§ Recorded data
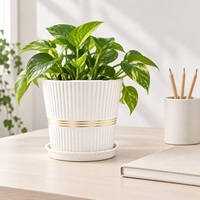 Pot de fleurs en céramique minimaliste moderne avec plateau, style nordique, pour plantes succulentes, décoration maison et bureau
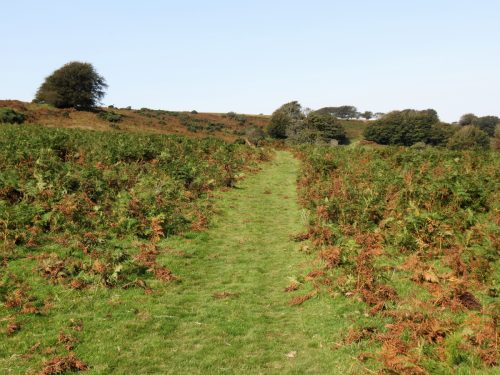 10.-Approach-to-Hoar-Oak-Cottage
---
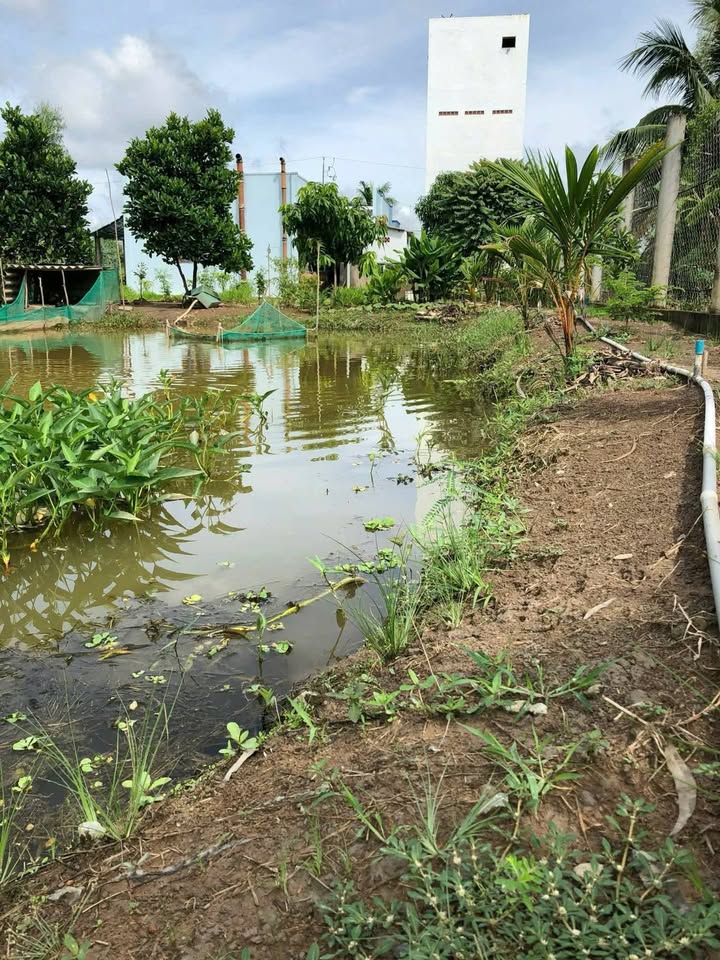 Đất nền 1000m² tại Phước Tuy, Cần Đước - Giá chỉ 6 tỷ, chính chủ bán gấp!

§ What to work on
Copy word for word the span of the records above that begins at the line with "Pot de fleurs" and ends at the line with "10.-Approach-to-Hoar-Oak-Cottage", including those two lines but not the pictures.

§ Written reply
 Pot de fleurs en céramique minimaliste moderne avec plateau, style nordique, pour plantes succulentes, décoration maison et bureau
 10.-Approach-to-Hoar-Oak-Cottage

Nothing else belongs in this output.